After completing Lesson 2 in the Intermediate Machine Learning course on Kaggle, I categorized my learning journey into six problems.

Problem 1: Handling Missing Values in Input Data

What did I learn?:

  1. Drop the columns with missing values
    • Cons: This can lead to loss of valuable information and potential bias.
  2. Impute with mean value or other existing common value
    • Cons: It may not always be clear which value to impute.
  3. Add an additional column to indicate imputation

Tips:

Problem 2:

How to represent categorical values? i.e.
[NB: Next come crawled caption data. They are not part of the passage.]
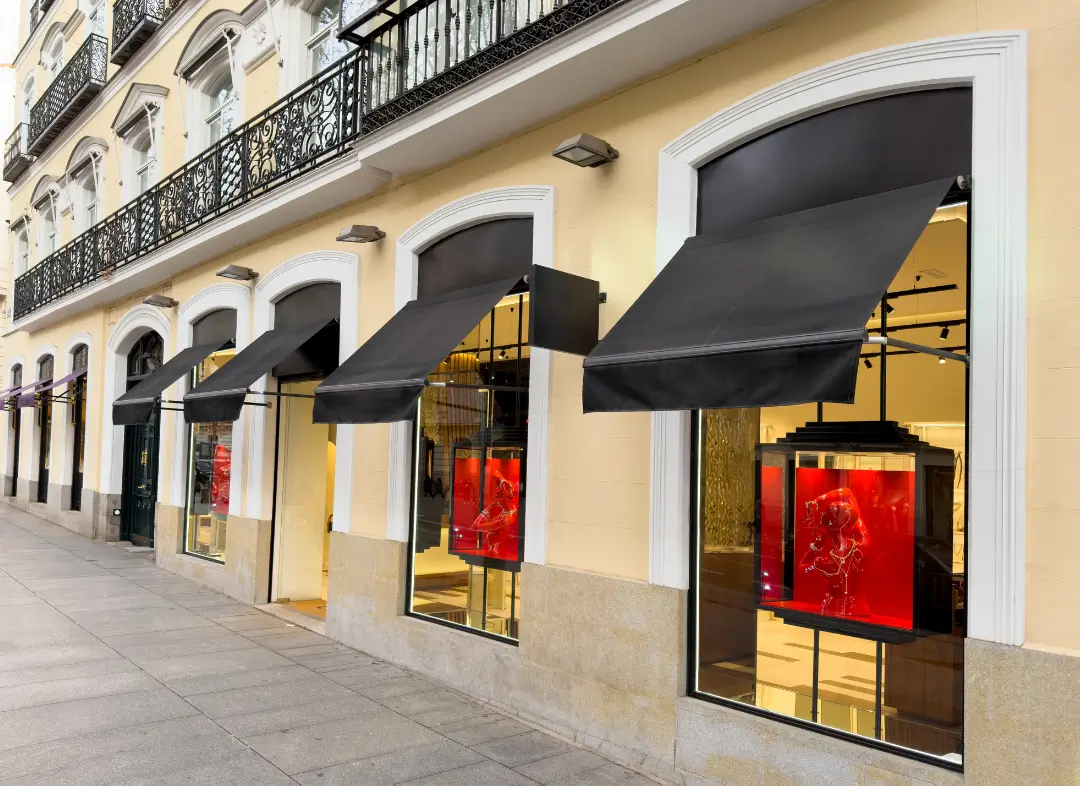 Façade vitrine de magasin en aluminium sur mesure à Bailleul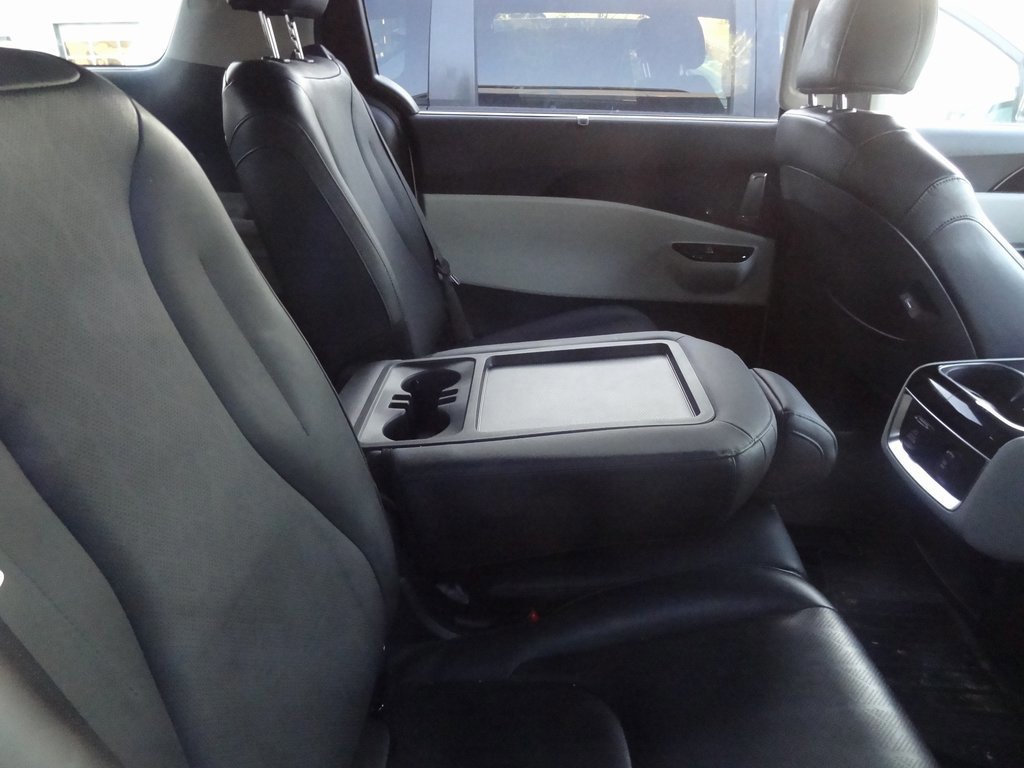 Used 2023 Kia Carnival SX image 9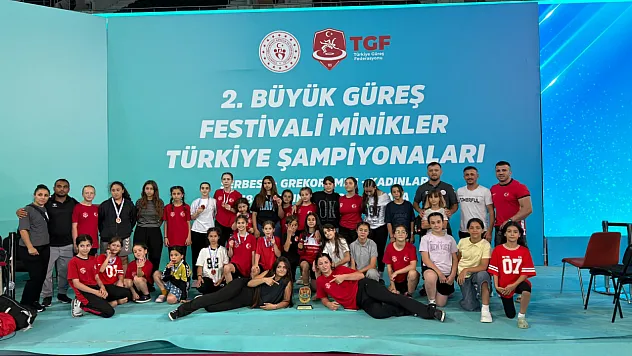 Bafra Gençlik Merkezi Ankara'da tarih yazdı: minderden 9 madalya çıktı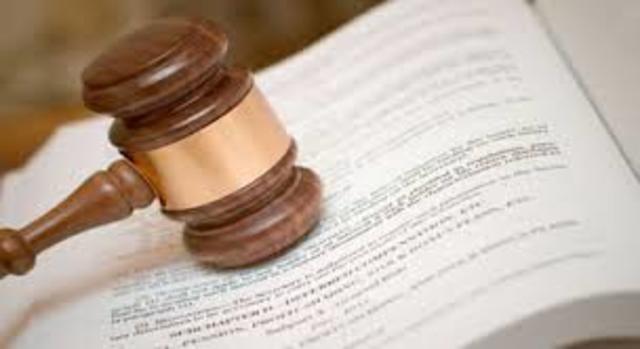 Decretos y disposiciones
Male/Female, Colors

What did I learn?:

There are also three ways to handle categorial data.

  1. Just drop it if the value is not that important.
    • Cons: This can lead to loss of valuable information and potential bias.
  2. Ordinal Encoding: Use unique integers to represent different categorical values.
    • Cons: The categorical values should have inherent ranking or order, such as frequency never, sometimes, always.
  3. One-Hot Encoding: Create additional columns for each unique categorical values. The values in the new columns will only be 0(present) or 1(not present).
    • Cons: Too many data -> sparse matrix

Problem 3:

How to reduce duplication in preprocessing data?

What did I learn?:

Use pipeline to preprocess all kinds of data including training, validation and testing data. Different library have different api to call, so just check the documentation later.

Problem 4:

What is cross-validation?

What did I learn?:

To achieve best measures of model performance with limited dataset, we could make use of cross-validation.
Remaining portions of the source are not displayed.